Nessa realidade, que muito aproxima-se do que nos cerca, os livros foram banidos, são incinerados e tê-los é um crime. Além das casas serem à prova de combustão e o papel dos bombeiros seja iniciar incêndios. Mas por que queimar livros? Que perigo eles exercem? Muitos, os bombeiros protegem os cidadãos contra o risco do pensamento, da dúvida, do prazer, do choro, da tristeza, da revolta e das lágrimas que os livros e sua leitura podem proporcionar. E ser feliz e estar satisfeito é o que importa, certo?

O protagonista chama-se Guy Montag, um orgulhoso bombeiro que vive com sua esposa Mildred, com quem quase não fala, em uma cidade norte-americana. Para ele, “queimar era um prazer”, os melhores momentos do seu dia estavam em assistir “as sintonias de chamas e labaredas (…) enquanto os livros se consumiam em redemoinhos de fagulhas e se dissolviam no vento escurecido pela fuligem”. Contudo, algo o instigou a ver essa rotina, seus propósitos e princípios de outra forma.

Na verdade, alguém. Uma garota chamada Clarisse McClellan, que passava seus dias vagando e observando a cidade, sem se importar em frequentar a escola. Ao ser questionada do motivo, em uma simples e rápida conversa, muda drasticamente a percepção de Montag sobre o mundo e sua vida. A propósito, isso o deixa infeliz com tudo ao seu redor, indo em contrapondo ao status quo em que estava inserido. Esse novo caminho o tirava da massa, ele não estava mais incluso na sociedade de massa e sua submissão voluntária à televisão.

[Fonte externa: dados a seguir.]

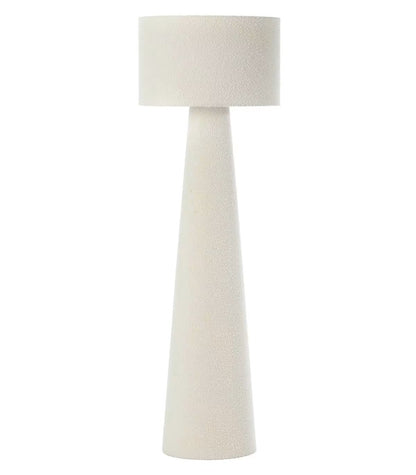 Lampadaire Japandi textile blanc H140 – Badi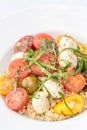 Caprese Quinoa Salad Royalty Free Stock Photo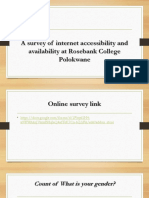 A Survey of Internet Accessibility and Availability at Rosebank College Polokwane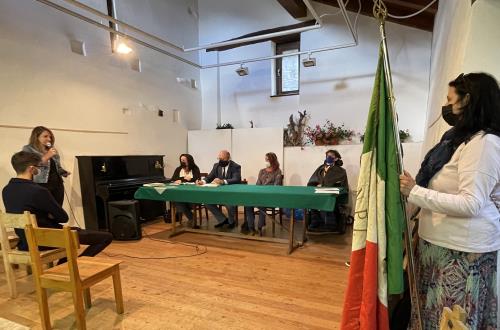 I partecipanti alla conferenza di presentazione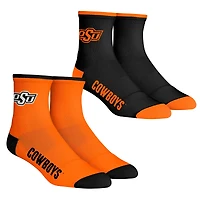 Youth Rock Em Socks Oklahoma State Cowboys Core Team 2-Pack Quarter Length Sock Set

Segundo Shorter Oxford English Dictionary, massa significa “um agregado no qual a individualidade é perdida”. Desse modo, uma sociedade de massa pode proporcionar pessoas alienadas e indefesas, por conseguinte, manipuláveis. Diante disso, a teoria da bala mágica, ou ainda hipodérmica, considera que uma mensagem emitida será recebida igual e uniformemente pela massa, de forma passiva e sem resposta do receptor.

Ademais, outro personagem importante é Beatty, o chefe dos bombeiros. Ele colabora para manutenção do status quo, possui vasto conhecimento sobre livros e seu poder, é capaz de recitar grandes obras, dependendo apenas de sua memória. Todavia, por opção e espontânea vontade, decide se incluir na vida corrida, superficial e supérflua que a maioria das pessoas (sobre)vive, pois afirma que os livros são “o caminho da melancolia”.

Após um incidente no trabalho que acelerou o processo de metanóia de Montag, ele “adoece”. O capitão Beatty o visita e ambos tem uma longa conversa, onde podemos descobrir como a sociedade chegou até aquele ponto, o motivo da troca da função os bombeiros e compreendemos melhor o panorama da história. Momento no qual Beatty questiona:“Por que aprender alguma coisa além de apertar botões, acionar interruptores, ajustar parafusos e porcas?”.

Em contraponto, Mildred representa e personifica uma boa parcela da sociedade de massa alienada e conformada com o que lhe é passado pela televisão. Sendo assim, podemos ver a aplicação da teoria da bala mágica em sua vida, visto que ela — e vários outros — apenas recebem passivamente as mensagens transmitidas, elas fazendo sentido ou não. Portanto, Fahrenheit 451 é um livro atemporal, crítico e magistral, que explicita um panorama que, se refletirmos, estamos vivendo. Aliás, somos Montag ou Mildred?